Over this time I've documented my ideas and thought processes. I like to revisit these notes from time to time, and while they are rough and informal, I think they're interesting and can be actually better quality than what I end up when I attempt to write a "real" post.
So below I've picked a few to share. Might make some more posts like this in the future.
Things the best languages should do elegantly
Not a list of things I think every language should have, just things I would look for when considering the efficacy of a language.
Explicit data flow
js + html fails by using event hooks setup imperatively react/vue are a bandade
A good language makes it impossible to bury triggers or transfers of data
State over time
mutable variable and reassignment are not good enough, this defies explicit data flow
A good language provides careful semantics for handling state over time
Lists of stateful entities
A good lanugage implements a particle system elegantly
Modular stateful entities with logic
locality of behavior is an imporant principle as well as modularity.
React/vue have good solutions for this, but are isolated views on to the web they enable creation of components which can be declaratively included within other components, embedding state and logic. Components handle input events from the top down, bubbling events up and delegating statefulness to the parent and propagation of state through children.
A good language provides a general solution to modular stateful code
UI
A good lanuage enables elegant creation and management of UI
Idea - program log + hashes
Idea: Real Easy TDD
TDD is "test driven development" a simple priciple, to write a test first, see it fail, then make the change.
But there's a big problem. Test failures are not guaranteed Even if you check in the failing test to version control, the previous test failure will not necessarily be ensured with something like continuous integration.
And more likely, you will just make the change and write the test in one commit.
Solution? Keep all your old code to run new tests against. version control keeps your old code, but it doesn't really make sense to use this to run multiple versions in CI.
What if instead, every function is referenced to by it's hash. The program is simply a hash itself, a function to be run grouping together all your other hashes.
Tests run against these hashes. New versions of your program are simply new functions made up of different functions, although this doesn't exclude the possibility of retaining old functions for testing purposes.
So when adding a test, you indicate at what hash the test should fail at (before your change) and then after you change it, you register that this hash should pass the test.
Then the test runs twice, once with the old hash and one with the new. Then the test results are cached forever, since they ran against a hash, which is guarenteed to run the same forever.
Idea: Event Sourcing Event Aggregation Programs
Event sourcing is nice. Except when your event protocol changes, and you need to either run a migration, or do some crazy defaulting to ensure old event versions still work fine
What if instead, the event interpreter was an event itself?
So when the interpreter changes, an event is emitted to indicate this, This means in order to determine the current state of anything managed by the event sourcing system, all you must do is push that entitiy's events through the most recent program event at the time it was emitted.
Benefit: No need for namespaces
Namespaces are for separating names that might collide.
Namespaces do not however enable coexisting copies of the same code at different versions.
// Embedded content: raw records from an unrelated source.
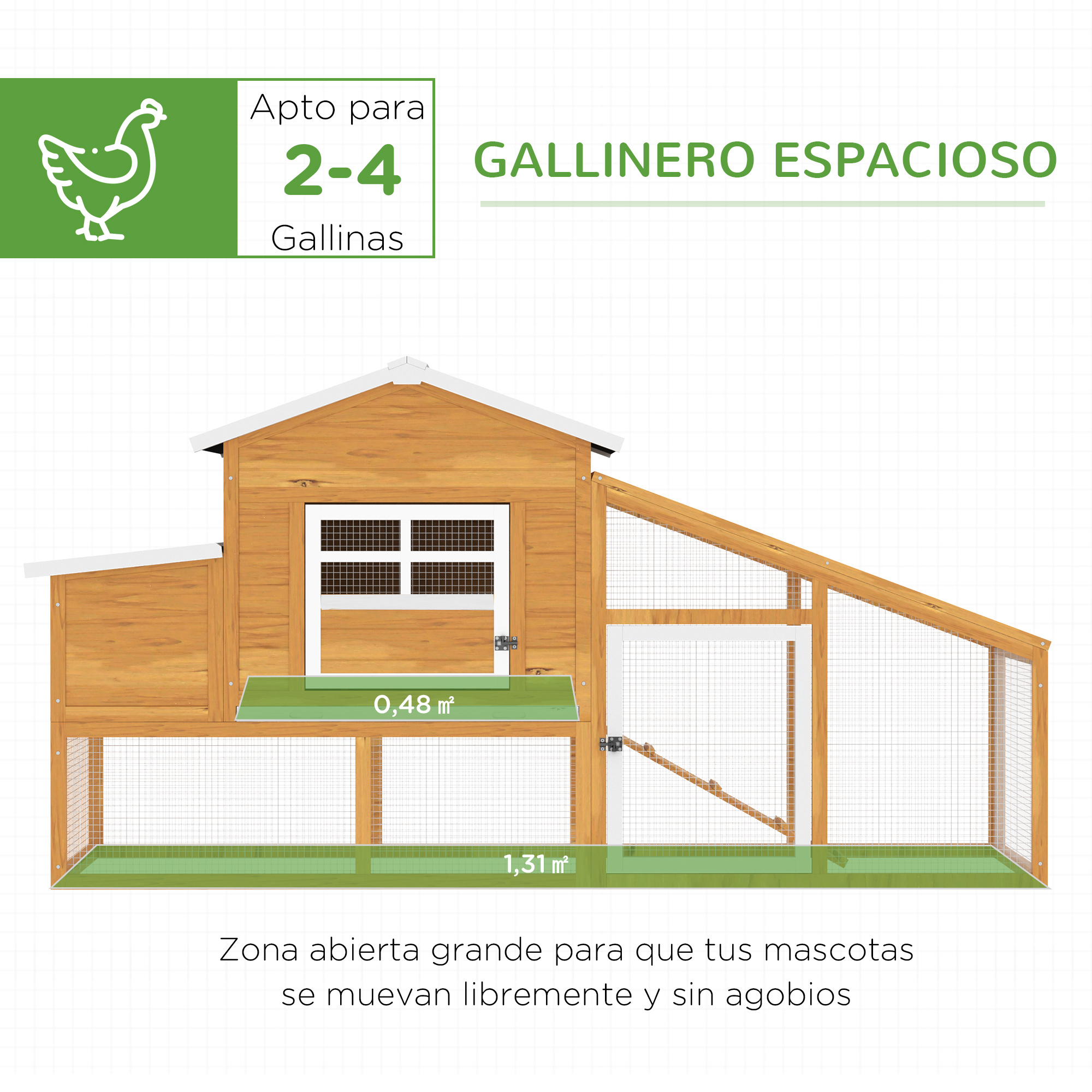 Un gran gallinero de madera con rampa y área cubierta. Incluye cajas nido y dimensiones.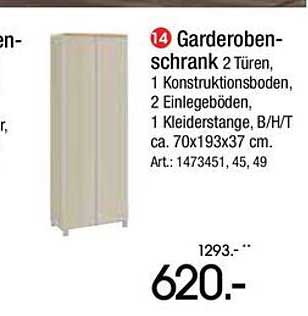 Garderobenschrank 2 Türen, 1 Konstruktionsboden, 2 Einlegeböden, 1 Kleiderstange, B/H/T ca. 70x193x37 cm. Art.: 1473451, 45, 49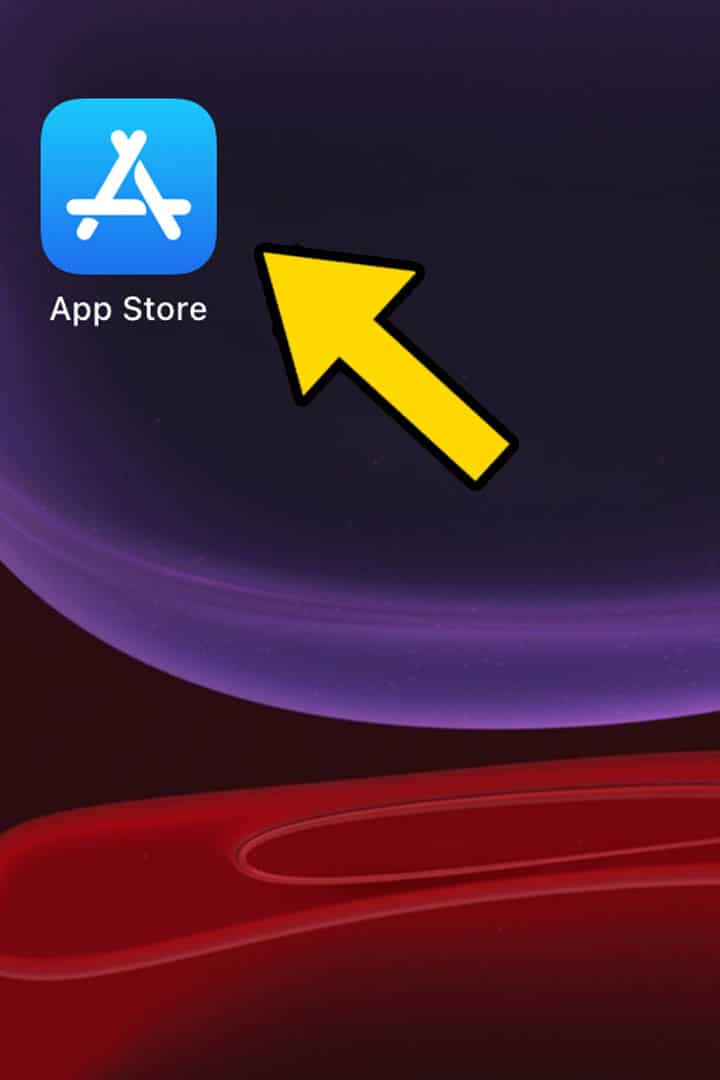 iPhone home screen with a yellow arrow pointing at the app store icon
Using hashes however elliminates the need for namespaces. You may have aliases for your code for reference, but importantly: they are not required internally for your code to run.
This means your system may operate fine with multiple versions of the same program installed simultaneously without any issues, even running at the same time.
How?
Need some kind of program which allows you to "check in" data which can be hashed and held onto.
This repository can hosted so it can be pulled down by others
Then apart from this, you can have your version control, which simply holds links to versions in the repository.
The way programs are hashed is first by breaking it down to a symbolic representation, then by looking at the internal references, and breaking it apart.
Every chunk of code is hashed separately, and a dependency tree is made.
for instance, if your code looks like this:
def foo(): print('foo')
def bar(): print('bar')
def foobar(): foo() bar()
Then foo, bar and foobar will be hashed separately Then foobar, rather than holding onto the named references, will hold the hashes of foo and bar.
So when foobar is pulled down, all it's dependencies are packaged with it.
Web alternative
Someone creates something. They publish to a given network. Could be a number of personal computers, or family computers, or anyone.
As soon as you publish a work, it can be pulled in by someone else in that network. Others can be notified too, but ultimately once released, it can be asked for and provided by anyone on that network.
Each computer on the network is able to access this data, and may cache it or discard as needed.
Programs can also be published. Programs, when run, can take in data you have access to, plus user provided data, including clicks and keypresses on your computer, and create new piece of data that you can publish on a network.
Programs have zero access controls by default, and may be granted access via whitelisting. Think how websites can allow or block push notifications, geolocation, etc. But instead, these programs don't even have access to push or pull resources from the web.
Programs are the replacement for website applications. They are desktop applications, where you have full control of your data, and can plug it in whatever way you wish.